On the face of it there is little difference between these two scenarios but probably a very different outcome for you as a seller. The crucial question is whether the mistake is to the buyers’ actual identity (second scenario) or to the capacity in which buyer deals (first scenario)
The above scenarios assume a face-to-face transaction and these days many sales will be online. Recently after BLKMRT’s decision to only permit those on a particular list to buy an Ian Francis, several members queried whether the gallery could refuse to supply the pieces to buyers whose orders were accepted despite not being on the list. At the time I suggested that (under UK law anyway) they may be able to escape those contracts on the basis of mistake as to identity ie they only intended to deal with those that had been on the list.
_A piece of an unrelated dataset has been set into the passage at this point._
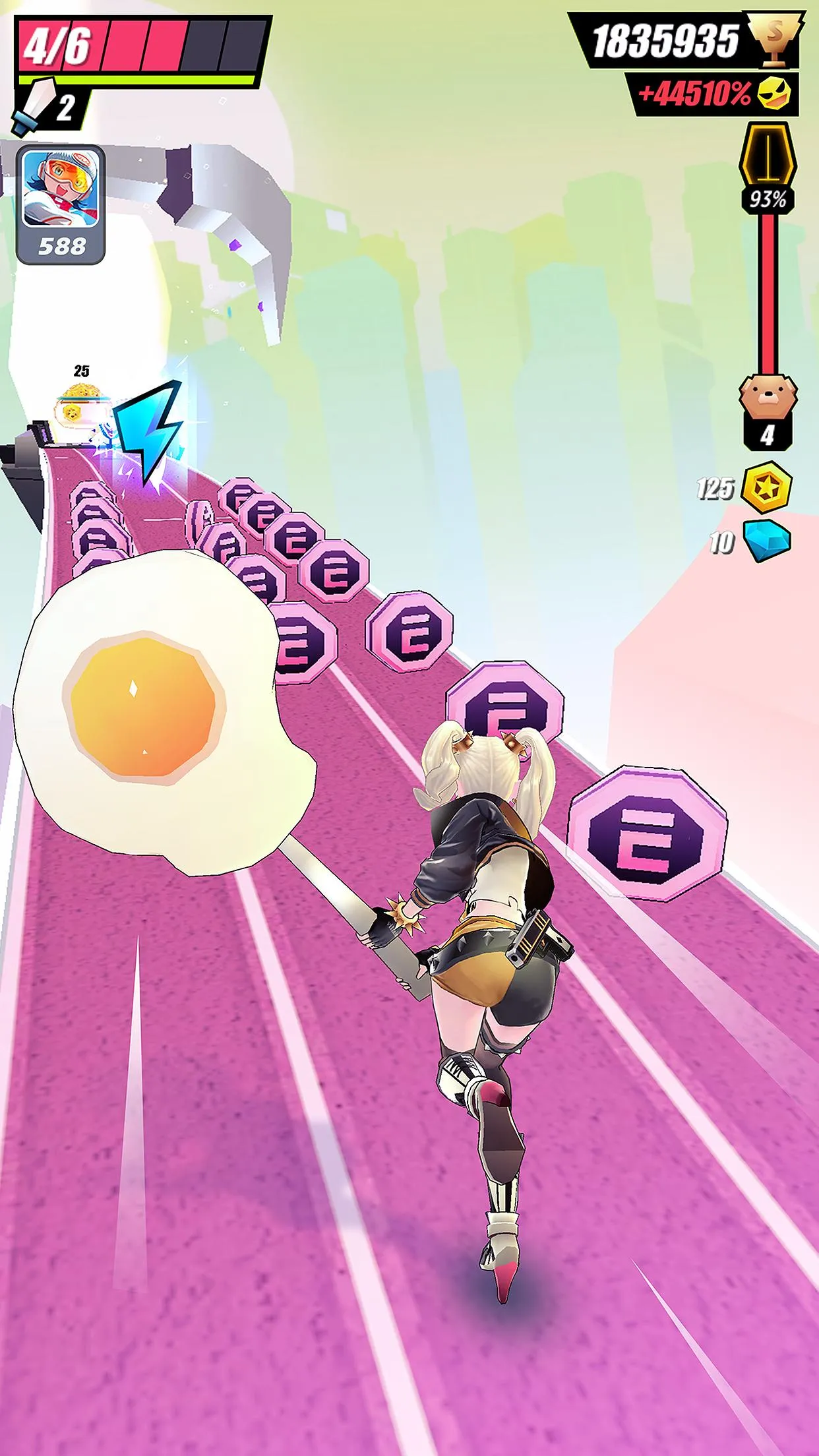 Девушка и меч v8.6.200000 APK Мод (Меню, Game Speed) Screenshot 5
In order to rely on this argument they would have to show that:
(1) The identity of the other party must be of crucial importance (here it may well have been as they went to the time and trouble of selecting those to be e-mailed)
(2) The mistaken party must have in mind an identifiable person with whom he or she intends to contract (ie only the named individuals who had been e-mailed)
(3) The other party must be aware of the mistake (which they would have been since they would have had to have obtained the log in details from an alternative source)
There are in fact other forms of mistake in addition to the above but these are the most relevant and the others are simply too specialist to get bogged down with.
MisrepresentationNeedless to say any description that is applied to an item must be true. If it is not and you proceed with the contract in reliance on that misrepresentation then you will be entitled to escape the contract and/or receive damages. Again this is more complicated than you may imagine with misrepresentations being either fraudulent, negligent or innocent but I think we’ll leave that for another time!!
Sale of Goods ActI haven't dealt with this here as I think most of you have a pretty good understanding of the basic but if anybody would like me to do so I'm happy to.
If nothing else, I hope this helps you all appreciate that there is more to contract law than the CAB website would have you believe - no disrespect to the CAB intended, they do a great job.